Let me run through Bollinger bands and Keltners.
Now, Bollinger bands and Keltners I like these, I don’t use these to make my trading decisions, however, they basically provide an envelope for price. They are very similar Bollinger band is based on a standard deviation, Keltner channel is based on an average true range. I personally prefer a Keltner channel, it doesn’t really matter, they do very similar things. What they are doing is they have an average price in the middle like a moving average and then around them you have an envelope based on a setting that you use. So, for Keltners I am going to use a 2.5 period or a 2 period and it is the same with Bollinger bands. They are going to give you a bracket to work around. The way that I use them is that if we are on a daily chart, I won’t chase price if we are at the upper band, you can see how often we tag the band and then that is it we roll back, or if we tag the lower band we don’t get much further we have to unwind a little bit, we have to retrace the mean, before we can get going.

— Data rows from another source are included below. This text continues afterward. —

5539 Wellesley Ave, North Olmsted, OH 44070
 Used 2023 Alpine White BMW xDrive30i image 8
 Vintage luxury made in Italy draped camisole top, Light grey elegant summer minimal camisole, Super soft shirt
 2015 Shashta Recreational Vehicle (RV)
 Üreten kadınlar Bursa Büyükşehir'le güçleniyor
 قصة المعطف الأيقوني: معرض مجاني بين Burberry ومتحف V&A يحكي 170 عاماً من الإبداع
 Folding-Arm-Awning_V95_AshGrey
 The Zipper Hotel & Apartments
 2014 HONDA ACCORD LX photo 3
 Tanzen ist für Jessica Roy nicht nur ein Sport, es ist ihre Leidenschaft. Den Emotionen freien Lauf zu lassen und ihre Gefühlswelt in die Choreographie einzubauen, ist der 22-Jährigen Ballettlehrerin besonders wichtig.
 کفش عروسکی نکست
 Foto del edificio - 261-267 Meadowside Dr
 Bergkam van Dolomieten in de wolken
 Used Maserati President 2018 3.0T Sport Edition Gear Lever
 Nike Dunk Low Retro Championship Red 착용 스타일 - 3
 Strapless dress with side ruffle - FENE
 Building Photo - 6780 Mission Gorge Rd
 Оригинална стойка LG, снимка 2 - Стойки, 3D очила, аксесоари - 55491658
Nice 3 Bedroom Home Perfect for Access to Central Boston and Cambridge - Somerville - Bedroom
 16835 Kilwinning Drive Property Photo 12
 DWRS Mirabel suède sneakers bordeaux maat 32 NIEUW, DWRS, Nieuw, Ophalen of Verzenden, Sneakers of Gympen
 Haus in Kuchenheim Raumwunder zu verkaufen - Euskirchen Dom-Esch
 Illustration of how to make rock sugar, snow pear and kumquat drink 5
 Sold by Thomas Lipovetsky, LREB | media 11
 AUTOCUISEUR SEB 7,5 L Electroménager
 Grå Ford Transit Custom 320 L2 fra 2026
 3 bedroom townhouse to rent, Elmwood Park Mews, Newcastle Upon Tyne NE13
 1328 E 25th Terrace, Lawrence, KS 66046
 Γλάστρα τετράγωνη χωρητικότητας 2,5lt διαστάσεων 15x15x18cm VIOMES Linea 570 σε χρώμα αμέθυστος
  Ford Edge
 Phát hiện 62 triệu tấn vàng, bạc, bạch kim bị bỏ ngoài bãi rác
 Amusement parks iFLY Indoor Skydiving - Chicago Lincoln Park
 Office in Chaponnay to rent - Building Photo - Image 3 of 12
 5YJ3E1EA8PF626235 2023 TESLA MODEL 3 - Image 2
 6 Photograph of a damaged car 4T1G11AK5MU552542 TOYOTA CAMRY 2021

So, if I am really interested in a market and it is right up a Bollinger band or up a Keltner, I am not going to go long, I am going to wait for it to at least retrace a little bit before I go long, because generally it will contain price, not always, you are going to get time periods where it does hug that upper Bollinger or lower Bollinger or upper Keltner or lower Keltner but I like to use it as a guide. I don’t use it so much on the lower timeframes, because you can stay out of it for such a long time, it is more powerful I think on the higher timeframes, like the 5 and the 15 minute, if you are day trading. So, you can see how it bounces up and down off the upper and lower Bollinger band.
Use it as a filter, it is a really great little tool, but as with all things I would recommend not clouding up your chart too much with it. Know where you are, where price is in relation to the Keltner channel and then take it off the screen. Say, okay with the lower Keltner now where am I going to get involved, okay I want to get involved short for example here, let me see it unwind, if it unwinds a little bit 20 ticks or so, I have got to know I have got a bit of downside, because the lower Keltner has given me a little bit of room to breathe. Obviously, if news comes out, forget it. It is going to rip through all these levels and it is just going to do its own thing, which is why supply demand is the most important thing. If there is massive supply coming in you are going to see the market fall through the floor regardless of what your indicators are saying. Similarly, if there is huge demand coming in it is just going to rip to highs, no one is going to care what any oscillators and moving averages, Keltner channels are saying. Of course, that is where the power of volume comes in because we can see that we are in new volume territory, fresh highs, good volume coming in, holding above, everything is looking very good.

So, those are just a few of the tools of the trade, there are hundreds and hundreds and it is all about finding the one that best fits your personality and fits your style. What I will say is this, I know traders who use different types of indicators, I know guys who have made very good sums of money trading from one or two indicators, I don’t know anybody who has made good money from using loads of different indicators. So, that tells you something, it is that you find an indicator that fits your personality/style and trading method and then you stick with that and you don’t try and cloud it with different indicators because what will happen is you will get conflicting signals, because your moving average says buy, your oscillator says sell and you don’t know where you are. You need some conviction.